HPC Pack 2019 Cluster manager cannot connect to newly installed cluster

muellech 106 Reputation points
2024-10-17T08:46:17.5233333+00:00

I have been upgrading on-premise HPC Pack 2016 to 2019 - basically a reinstall. The database is a completely new SQL Server instance and the scripts ran as expected. The installation went through w/o errors on three head nodes with built-in clustering. However, I cannot connect with the HPC Cluster Manager, presumably because the services are constantly crashing. Errors I see (on all nodes) in the application log include:

Application: HpcDiagnostics.exe Framework Version: v4.0.30319 Description: The process was terminated due to an unhandled exception.
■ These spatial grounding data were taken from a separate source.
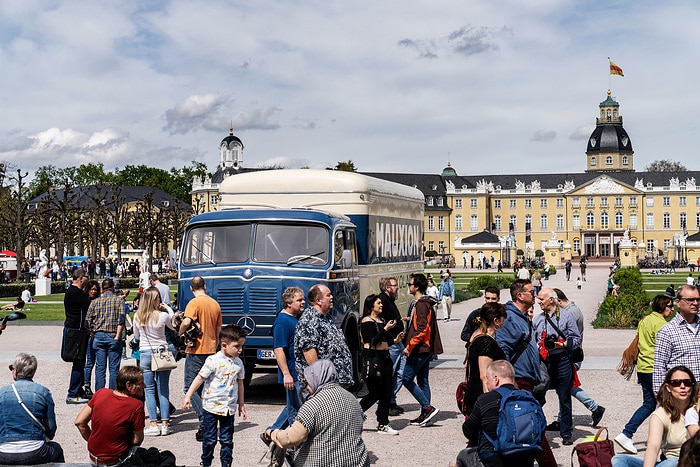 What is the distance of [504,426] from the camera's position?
20.5ft

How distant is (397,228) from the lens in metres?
17.7

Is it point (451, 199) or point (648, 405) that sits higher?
point (451, 199)

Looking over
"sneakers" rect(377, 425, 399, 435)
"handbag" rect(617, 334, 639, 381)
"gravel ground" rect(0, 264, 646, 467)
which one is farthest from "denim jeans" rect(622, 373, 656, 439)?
"sneakers" rect(377, 425, 399, 435)

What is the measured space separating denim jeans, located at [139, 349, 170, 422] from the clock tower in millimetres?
152388

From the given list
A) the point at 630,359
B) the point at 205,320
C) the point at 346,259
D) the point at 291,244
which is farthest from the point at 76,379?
the point at 630,359

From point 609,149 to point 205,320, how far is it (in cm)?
15326

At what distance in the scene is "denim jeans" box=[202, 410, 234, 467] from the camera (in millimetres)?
8414

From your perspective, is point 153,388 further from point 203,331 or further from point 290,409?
point 290,409

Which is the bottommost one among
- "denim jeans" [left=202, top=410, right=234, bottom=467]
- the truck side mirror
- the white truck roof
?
"denim jeans" [left=202, top=410, right=234, bottom=467]

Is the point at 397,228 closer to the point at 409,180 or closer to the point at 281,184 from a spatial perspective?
the point at 281,184

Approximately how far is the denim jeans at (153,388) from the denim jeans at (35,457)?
12.1ft

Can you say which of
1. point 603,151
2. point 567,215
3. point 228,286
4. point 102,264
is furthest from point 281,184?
point 603,151

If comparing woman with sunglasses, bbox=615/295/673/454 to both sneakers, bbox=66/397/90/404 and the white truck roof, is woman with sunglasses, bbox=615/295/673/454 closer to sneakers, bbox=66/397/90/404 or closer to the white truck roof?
the white truck roof

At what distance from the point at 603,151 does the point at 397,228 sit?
146 metres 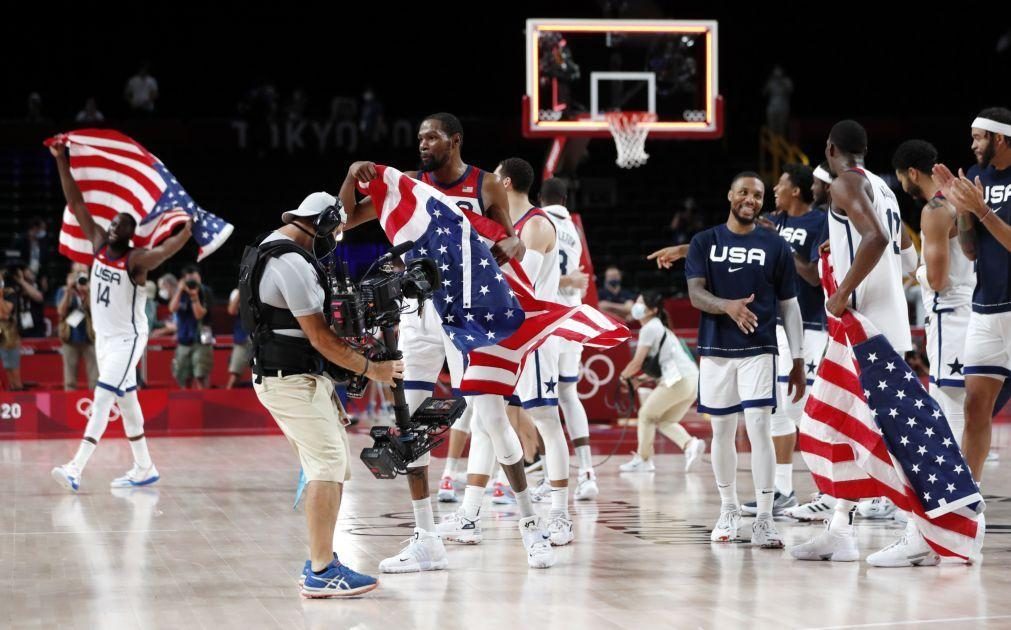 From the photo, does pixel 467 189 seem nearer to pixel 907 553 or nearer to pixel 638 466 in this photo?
pixel 907 553

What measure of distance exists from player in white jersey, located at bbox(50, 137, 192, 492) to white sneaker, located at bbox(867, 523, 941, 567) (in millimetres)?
6124

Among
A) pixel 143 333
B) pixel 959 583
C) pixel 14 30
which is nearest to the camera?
pixel 959 583

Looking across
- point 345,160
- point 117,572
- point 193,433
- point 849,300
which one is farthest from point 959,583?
point 345,160

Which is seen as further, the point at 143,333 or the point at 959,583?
the point at 143,333

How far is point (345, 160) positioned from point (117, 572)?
2035 centimetres

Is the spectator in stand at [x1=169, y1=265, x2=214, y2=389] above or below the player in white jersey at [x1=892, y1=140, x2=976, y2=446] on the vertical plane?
below

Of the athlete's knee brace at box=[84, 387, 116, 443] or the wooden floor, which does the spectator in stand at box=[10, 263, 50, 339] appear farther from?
the wooden floor

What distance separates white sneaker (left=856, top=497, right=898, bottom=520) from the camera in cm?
847

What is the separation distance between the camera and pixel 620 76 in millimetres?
15969

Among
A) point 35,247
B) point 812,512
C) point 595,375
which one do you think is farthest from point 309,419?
point 35,247

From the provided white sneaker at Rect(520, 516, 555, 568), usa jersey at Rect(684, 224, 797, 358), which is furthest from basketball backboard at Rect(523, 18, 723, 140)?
white sneaker at Rect(520, 516, 555, 568)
Exception Info: System.ComponentModel.Win32Exception at Microsoft.ComputeCluster.Management.Win32Helpers.HAUtils.SetGenericServiceRegistryCheckpoint(System.String, System.String) at Microsoft.Hpc.Diagnostics.Store.DiagnosticCrypto+<GetKeyAndSalt>d__23.MoveNext() at System.Runtime.ExceptionServices.ExceptionDispatchInfo.Throw() at System.Runtime.CompilerServices.TaskAwaiter.HandleNonSuccessAndDebuggerNotification(System.Threading.Tasks.Task) at Microsoft.Hpc.Diagnostics.Store.DiagnosticCrypto+<InitDefault>d__18.MoveNext() at System.Runtime.ExceptionServices.ExceptionDispatchInfo.Throw() at System.Runtime.CompilerServices.TaskAwaiter.HandleNonSuccessAndDebuggerNotification(System.Threading.Tasks.Task) at Microsoft.Hpc.Diagnostics.Store.DiagnosticsStore+<Init>d__27.MoveNext() at System.Runtime.ExceptionServices.ExceptionDispatchInfo.Throw() at System.Runtime.CompilerServices.TaskAwaiter.HandleNonSuccessAndDebuggerNotification(System.Threading.Tasks.Task) at Microsoft.Hpc.Diagnostics.DiagnosticsSvc+<StartSvc>d__8.MoveNext() at System.Runtime.ExceptionServices.ExceptionDispatchInfo.Throw() at System.Runtime.CompilerServices.TaskAwaiter.HandleNonSuccessAndDebuggerNotification(System.Threading.Tasks.Task) at Microsoft.Hpc.DiagnosticsWinService.DiagnosticsWinService+<<OnStart>b__2_1>d.MoveNext() at System.Runtime.ExceptionServices.ExceptionDispatchInfo.Throw() at System.Runtime.CompilerServices.TaskAwaiter.HandleNonSuccessAndDebuggerNotification(System.Threading.Tasks.Task) at Microsoft.Hpc.HighAvailabilityModule.Algorithm.MembershipWithWitness+<>c__DisplayClass45_0.<RunAsync>b__0(System.Object) at System.Threading.ExecutionContext.RunInternal(System.Threading.ExecutionContext, System.Threading.ContextCallback, System.Object, Boolean) at System.Threading.ExecutionContext.Run(System.Threading.ExecutionContext, System.Threading.ContextCallback, System.Object, Boolean) at System.Threading.QueueUserWorkItemCallback.System.Threading.IThreadPoolWorkItem.ExecuteWorkItem() at System.Threading.ThreadPoolWorkQueue.Dispatch()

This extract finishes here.